The reason for this is that Di Angelo is an avid practitioner of Critical Race Theory: note the emphasis on “theory” here. Critical Race Theory emerged gradually in American academic circles to try and explain why the ending of overtly racist laws and behaviour in America did not result in an immediate improvement in the circumstances of black people. It sought to find hidden mechanisms of racial discrimination in order to account for this: anyone who has ever been through training regarding microaggressions (seemingly innocuous behaviour that carries a coded racist meaning) has some idea of the mentality that underpins it. Everything and anything is seen through the prism of race consciousness.

CRT functions as a tight, closed logical circle: if you are white, then you are racist. If you know you are racist, then you are racist. If you do not think that you are racist, then you lack self-knowledge, and what you need to do is acquire it, and admit that you are racist. All the ills of history are due to white racism, and it is racist to challenge that statement.
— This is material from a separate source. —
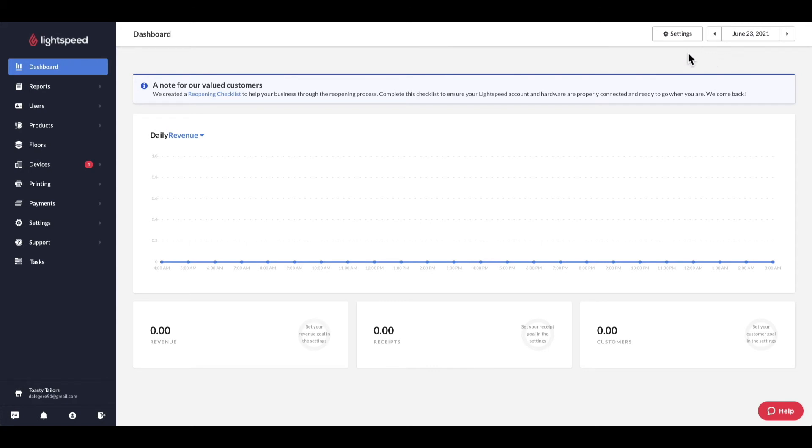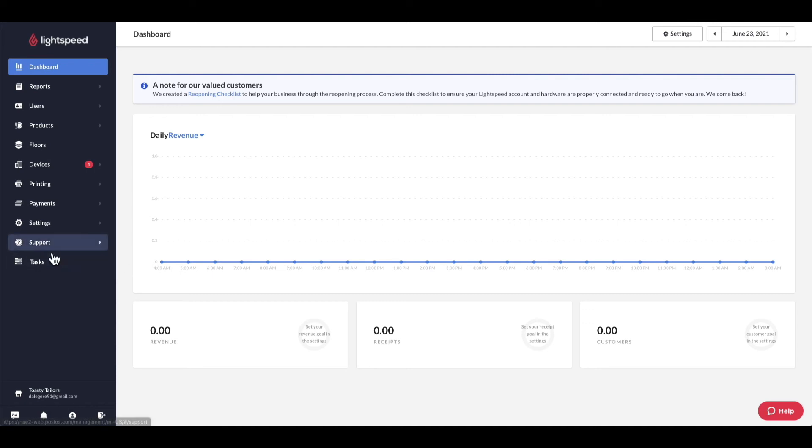You'll also notice all of these tabs on the navigation bar to the left side of the screen, which we'll be going through individually throughout your training as well. We will be going through each tab here more in depth later in your training, but I just wanted to highlight the support tab here first.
Allegations of racism sound like the kind of thing for which empirical evidence might be expected to be supplied, but there is no empirical evidence at all for this. Neither is there any way out: a lifetime of mea culpa seems to be the only thing on offer.  Well, this is convenient for the practitioners of CRT, of course. It is a phenomenon that emerged in the Universities, which have been continually moving ever more to the left and to the purely theoretical construction of reality: Humpty Dumpty was right after all. Words do mean whatever you want them to mean, and once you have established ownership of the academic field, it is a never-ending source of academic jobs, not to mention the very high fees that one can charge for educating the corporate sector about how awfully, inevitably racist all the white ones of them are. 

It is true that that the continued poverty of many black people in America is a distressing reality: Thomas Sowell, the black economist, has had a good deal to say about it, and like Di Angelo, Sowell blames white liberals for a good deal of it. But what is the difference? For Sowell and his ilk, the problems in certain black communities these days are caused by poverty and social dysfunction rather than racism, and there are practical measures that one could take to help them. In 2012, Sowell observed that racism in America was dead, or at least on life-support, which did fit what many people thought about themselves. He went on to observe that racism was being kept on life support by people whom he bluntly characterised as “politicians, race hustlers and people who get a sense of superiority from denouncing others as ‘racists’”. It is precisely these people whom Sowell blames for much of the trouble in black communities: for example, the movement to provide charter schools for black children did in fact help many of them out of poverty, and was something which he strongly supported (he wrote a book about that too). But those schools were destroyed by white liberals ideologically committed to the public school system as is. Di Angelo, on the other hand, thinks that white liberals (such as herself) are racist because they simply will not acknowledge how racist they are. It is very much a case of “when will you stop beating your wife”? It is impossible to be white and not to be racist in her book. For Sowell and for Thomas, racism is a phenomenon that has been greatly ameliorated by legal, economic and social measures; for Di Angelo, this is impossible. 

If you are interested in reading this book in order to find out about the reality of black life in America, then … read another book: one of Sowell’s, or Clarence Thomas’s, or follow Candace Owens online. Or you could read Thomas Chatterton Williams memoir Self-Portrait in Black and White. What you will find out from reading Di Angelo’s book is how unlimited the horizons of speculation can be once you decide that reality does not matter, but only the perception of reality: ultimately how post-modernism renders coherent discourse impossible.

About the Author: Molly Bagnall

Molly Bagnall is the nom de plume of an Irish academic.